AVAILABLE RECORDS =>

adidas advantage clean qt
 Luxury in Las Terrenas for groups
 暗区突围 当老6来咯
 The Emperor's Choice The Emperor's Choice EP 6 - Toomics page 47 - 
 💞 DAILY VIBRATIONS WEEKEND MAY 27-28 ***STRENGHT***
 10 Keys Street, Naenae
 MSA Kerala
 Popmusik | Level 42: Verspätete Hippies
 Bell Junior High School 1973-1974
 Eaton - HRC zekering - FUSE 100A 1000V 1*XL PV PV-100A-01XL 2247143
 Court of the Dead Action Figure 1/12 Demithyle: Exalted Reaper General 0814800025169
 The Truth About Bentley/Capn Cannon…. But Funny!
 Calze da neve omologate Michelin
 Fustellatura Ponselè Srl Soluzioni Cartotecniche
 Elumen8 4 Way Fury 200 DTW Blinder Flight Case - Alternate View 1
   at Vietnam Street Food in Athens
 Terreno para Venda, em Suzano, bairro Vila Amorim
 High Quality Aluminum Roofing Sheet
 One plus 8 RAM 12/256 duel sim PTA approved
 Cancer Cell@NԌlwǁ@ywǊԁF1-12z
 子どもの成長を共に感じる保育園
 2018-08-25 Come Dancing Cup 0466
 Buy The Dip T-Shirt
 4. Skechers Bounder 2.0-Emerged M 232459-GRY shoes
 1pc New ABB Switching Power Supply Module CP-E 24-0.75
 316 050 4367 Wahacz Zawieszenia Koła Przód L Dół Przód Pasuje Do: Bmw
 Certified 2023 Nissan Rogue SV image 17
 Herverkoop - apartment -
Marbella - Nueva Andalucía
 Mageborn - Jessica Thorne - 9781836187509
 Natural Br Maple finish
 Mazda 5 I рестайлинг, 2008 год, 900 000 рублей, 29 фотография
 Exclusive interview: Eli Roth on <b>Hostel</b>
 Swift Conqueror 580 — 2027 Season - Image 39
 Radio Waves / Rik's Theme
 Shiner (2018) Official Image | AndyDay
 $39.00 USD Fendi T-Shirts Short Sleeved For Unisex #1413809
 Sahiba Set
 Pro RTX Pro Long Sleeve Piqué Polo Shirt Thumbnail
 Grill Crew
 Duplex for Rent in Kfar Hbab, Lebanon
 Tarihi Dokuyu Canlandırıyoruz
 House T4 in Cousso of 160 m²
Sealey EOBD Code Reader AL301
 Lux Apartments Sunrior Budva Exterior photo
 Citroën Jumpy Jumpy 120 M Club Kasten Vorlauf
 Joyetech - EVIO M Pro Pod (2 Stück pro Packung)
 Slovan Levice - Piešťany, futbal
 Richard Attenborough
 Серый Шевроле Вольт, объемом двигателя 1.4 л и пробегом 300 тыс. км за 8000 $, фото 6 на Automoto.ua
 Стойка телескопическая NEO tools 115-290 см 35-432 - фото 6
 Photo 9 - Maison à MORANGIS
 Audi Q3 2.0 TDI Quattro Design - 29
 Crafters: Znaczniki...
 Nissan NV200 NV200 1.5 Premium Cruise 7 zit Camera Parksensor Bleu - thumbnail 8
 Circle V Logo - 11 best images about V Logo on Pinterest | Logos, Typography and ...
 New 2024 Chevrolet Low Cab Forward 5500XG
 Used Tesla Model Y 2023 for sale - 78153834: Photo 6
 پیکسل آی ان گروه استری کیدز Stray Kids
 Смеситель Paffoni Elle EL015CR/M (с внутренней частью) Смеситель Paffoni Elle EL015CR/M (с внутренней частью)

PROBLEM REQUIREMENTS => Restate the records above in full, keeping each line exactly as it stands.

TASK RESPONSE =>
adidas advantage clean qt
 Luxury in Las Terrenas for groups
 暗区突围 当老6来咯
 The Emperor's Choice The Emperor's Choice EP 6 - Toomics page 47 - 
 💞 DAILY VIBRATIONS WEEKEND MAY 27-28 ***STRENGHT***
 10 Keys Street, Naenae
 MSA Kerala
 Popmusik | Level 42: Verspätete Hippies
 Bell Junior High School 1973-1974
 Eaton - HRC zekering - FUSE 100A 1000V 1*XL PV PV-100A-01XL 2247143
 Court of the Dead Action Figure 1/12 Demithyle: Exalted Reaper General 0814800025169
 The Truth About Bentley/Capn Cannon…. But Funny!
 Calze da neve omologate Michelin
 Fustellatura Ponselè Srl Soluzioni Cartotecniche
 Elumen8 4 Way Fury 200 DTW Blinder Flight Case - Alternate View 1
   at Vietnam Street Food in Athens
 Terreno para Venda, em Suzano, bairro Vila Amorim
 High Quality Aluminum Roofing Sheet
 One plus 8 RAM 12/256 duel sim PTA approved
 Cancer Cell@NԌlwǁ@ywǊԁF1-12z
 子どもの成長を共に感じる保育園
 2018-08-25 Come Dancing Cup 0466
 Buy The Dip T-Shirt
 4. Skechers Bounder 2.0-Emerged M 232459-GRY shoes
 1pc New ABB Switching Power Supply Module CP-E 24-0.75
 316 050 4367 Wahacz Zawieszenia Koła Przód L Dół Przód Pasuje Do: Bmw
 Certified 2023 Nissan Rogue SV image 17
 Herverkoop - apartment -
Marbella - Nueva Andalucía
 Mageborn - Jessica Thorne - 9781836187509
 Natural Br Maple finish
 Mazda 5 I рестайлинг, 2008 год, 900 000 рублей, 29 фотография
 Exclusive interview: Eli Roth on <b>Hostel</b>
 Swift Conqueror 580 — 2027 Season - Image 39
 Radio Waves / Rik's Theme
 Shiner (2018) Official Image | AndyDay
 $39.00 USD Fendi T-Shirts Short Sleeved For Unisex #1413809
 Sahiba Set
 Pro RTX Pro Long Sleeve Piqué Polo Shirt Thumbnail
 Grill Crew
 Duplex for Rent in Kfar Hbab, Lebanon
 Tarihi Dokuyu Canlandırıyoruz
 House T4 in Cousso of 160 m²
Sealey EOBD Code Reader AL301
 Lux Apartments Sunrior Budva Exterior photo
 Citroën Jumpy Jumpy 120 M Club Kasten Vorlauf
 Joyetech - EVIO M Pro Pod (2 Stück pro Packung)
 Slovan Levice - Piešťany, futbal
 Richard Attenborough
 Серый Шевроле Вольт, объемом двигателя 1.4 л и пробегом 300 тыс. км за 8000 $, фото 6 на Automoto.ua
 Стойка телескопическая NEO tools 115-290 см 35-432 - фото 6
 Photo 9 - Maison à MORANGIS
 Audi Q3 2.0 TDI Quattro Design - 29
 Crafters: Znaczniki...
 Nissan NV200 NV200 1.5 Premium Cruise 7 zit Camera Parksensor Bleu - thumbnail 8
 Circle V Logo - 11 best images about V Logo on Pinterest | Logos, Typography and ...
 New 2024 Chevrolet Low Cab Forward 5500XG
 Used Tesla Model Y 2023 for sale - 78153834: Photo 6
 پیکسل آی ان گروه استری کیدز Stray Kids
 Смеситель Paffoni Elle EL015CR/M (с внутренней частью) Смеситель Paffoni Elle EL015CR/M (с внутренней частью)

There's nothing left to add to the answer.